Search the listing below for the word "Civic" and copy each line that holds it.

[[ Task inputs, beginning ]]

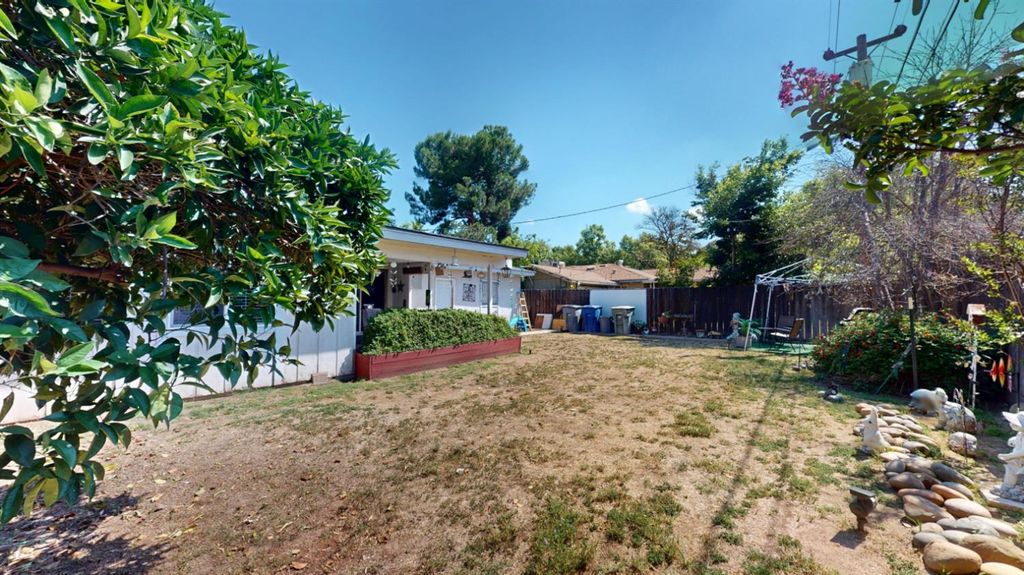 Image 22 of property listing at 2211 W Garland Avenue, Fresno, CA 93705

[[ Task inputs, end ]]
[[ Task inputs, beginning ]]

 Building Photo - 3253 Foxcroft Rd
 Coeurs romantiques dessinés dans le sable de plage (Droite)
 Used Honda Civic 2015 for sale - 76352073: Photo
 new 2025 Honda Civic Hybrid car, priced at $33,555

[[ Task inputs, end ]]

Result:
 Used Honda Civic 2015 for sale - 76352073: Photo
 new 2025 Honda Civic Hybrid car, priced at $33,555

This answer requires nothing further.